Hitler ordered General Dietrich Von Choltitz, the occupation commander of of Paris to raze the city before the allies reached it. If he couldn’t have it, Hitler wanted no one to have Paris. It is unclear exactly why Von Choltitz did not obey Hitler’s command. According to legend, when Hitler called Von Choltitz from Berlin and asked, “Is Paris burning,” Von Cholititz told him that it was. The explosives that were set to destroy Paris were never detonated. Perhaps this Nazi general, a commander of the most beastial army of the 20th Century, lied to Hitler because Paris was also to him a symbol of light and reason. Perhaps this is something he discovered after doing great harm. Perhaps. Whatever the truth of the legend, the Nazi’s did not destroy the city. They never could have destroyed what Paris stands for. That was beyond their power
It is also beyond the power of the religious fanatics who have murdered so many in Paris to destroy Paris or what it stands for. Paris, and the values it symbolizes, has been attacked before. Likely the city, and those values, will be attacked again. Parisians are tough. They’ve seen worse than these pissant psychopathic murderers. Paris will endure.

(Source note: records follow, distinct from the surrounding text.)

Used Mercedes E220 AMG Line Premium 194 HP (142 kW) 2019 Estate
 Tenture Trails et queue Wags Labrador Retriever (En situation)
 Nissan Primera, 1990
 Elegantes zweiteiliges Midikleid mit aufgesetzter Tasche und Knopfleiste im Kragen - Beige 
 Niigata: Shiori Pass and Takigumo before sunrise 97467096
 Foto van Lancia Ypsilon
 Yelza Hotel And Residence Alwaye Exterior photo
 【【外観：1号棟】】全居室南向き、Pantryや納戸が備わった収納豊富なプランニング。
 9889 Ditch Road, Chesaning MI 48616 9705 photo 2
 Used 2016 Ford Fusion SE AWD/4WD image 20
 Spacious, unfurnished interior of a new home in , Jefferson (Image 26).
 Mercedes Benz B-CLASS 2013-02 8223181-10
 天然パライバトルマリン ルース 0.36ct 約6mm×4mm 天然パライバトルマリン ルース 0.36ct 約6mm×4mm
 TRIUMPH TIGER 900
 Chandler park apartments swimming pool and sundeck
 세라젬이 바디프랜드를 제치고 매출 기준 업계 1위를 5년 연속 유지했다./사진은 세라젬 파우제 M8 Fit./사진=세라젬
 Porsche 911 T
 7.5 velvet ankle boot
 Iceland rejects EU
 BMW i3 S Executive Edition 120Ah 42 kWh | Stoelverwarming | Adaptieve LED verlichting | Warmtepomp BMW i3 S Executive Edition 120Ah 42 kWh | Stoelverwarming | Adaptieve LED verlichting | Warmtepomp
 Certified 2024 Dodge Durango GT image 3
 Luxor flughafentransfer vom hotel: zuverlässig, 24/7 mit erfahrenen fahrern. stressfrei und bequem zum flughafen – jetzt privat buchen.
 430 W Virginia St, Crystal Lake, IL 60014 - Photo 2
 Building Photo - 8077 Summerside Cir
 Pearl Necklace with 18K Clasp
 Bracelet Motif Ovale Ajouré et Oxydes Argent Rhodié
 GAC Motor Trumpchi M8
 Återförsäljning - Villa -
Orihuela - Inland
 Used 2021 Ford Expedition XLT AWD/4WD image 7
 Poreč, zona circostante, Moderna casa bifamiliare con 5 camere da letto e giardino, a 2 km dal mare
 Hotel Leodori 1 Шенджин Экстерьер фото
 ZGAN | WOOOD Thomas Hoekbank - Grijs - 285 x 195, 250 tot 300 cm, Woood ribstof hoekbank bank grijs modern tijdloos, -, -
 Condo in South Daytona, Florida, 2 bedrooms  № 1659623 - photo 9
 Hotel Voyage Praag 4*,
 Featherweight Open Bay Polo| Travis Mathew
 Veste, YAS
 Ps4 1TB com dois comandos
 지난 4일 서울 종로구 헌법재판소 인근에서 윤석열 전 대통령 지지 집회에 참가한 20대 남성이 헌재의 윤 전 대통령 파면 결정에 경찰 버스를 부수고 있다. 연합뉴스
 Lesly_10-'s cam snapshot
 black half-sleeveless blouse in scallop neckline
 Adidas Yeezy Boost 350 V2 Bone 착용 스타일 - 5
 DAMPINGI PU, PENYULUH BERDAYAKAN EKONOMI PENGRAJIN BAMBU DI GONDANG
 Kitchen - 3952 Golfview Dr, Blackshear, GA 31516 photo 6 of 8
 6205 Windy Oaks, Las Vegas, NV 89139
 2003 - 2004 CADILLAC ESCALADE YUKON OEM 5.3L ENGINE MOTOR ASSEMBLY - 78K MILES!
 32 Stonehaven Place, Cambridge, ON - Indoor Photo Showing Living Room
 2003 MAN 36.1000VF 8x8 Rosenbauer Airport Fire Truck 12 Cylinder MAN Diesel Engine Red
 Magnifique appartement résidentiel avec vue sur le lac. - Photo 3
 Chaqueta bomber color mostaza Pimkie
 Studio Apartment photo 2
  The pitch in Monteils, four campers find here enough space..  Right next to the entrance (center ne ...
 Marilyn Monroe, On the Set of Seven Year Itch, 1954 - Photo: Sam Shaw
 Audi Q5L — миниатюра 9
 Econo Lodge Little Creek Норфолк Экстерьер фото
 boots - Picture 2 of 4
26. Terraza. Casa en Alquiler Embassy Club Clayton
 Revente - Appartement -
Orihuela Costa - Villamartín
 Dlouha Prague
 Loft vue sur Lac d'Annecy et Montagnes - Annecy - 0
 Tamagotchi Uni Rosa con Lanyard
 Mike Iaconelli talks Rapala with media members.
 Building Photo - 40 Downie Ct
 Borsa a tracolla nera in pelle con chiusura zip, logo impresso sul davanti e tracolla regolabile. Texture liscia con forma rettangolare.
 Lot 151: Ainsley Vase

I did fall in love in Paris. I fell in love with the city itself, with its narrow winding streets and wide boulevards, with its cafés and boulangeries, and museums and galleries and bookstores, with it’s flea markets and vegetable markets and grand department stores, with with the river running through its center, with its neighborhoods of people from all the world. My heart, like the hearts of millions of others, was wounded when I heard of the recent attacks in Paris. This insane attack by psychotic religious fanatics struck me deeper than the horrors that others of their kind daily inflict on the world, on the innocent, on light and reason. It did so because Paris occupies a special place in my heart, as it does for millions.You feel more pain when your lover is injured than when a stranger is injured in another country. It’s only human.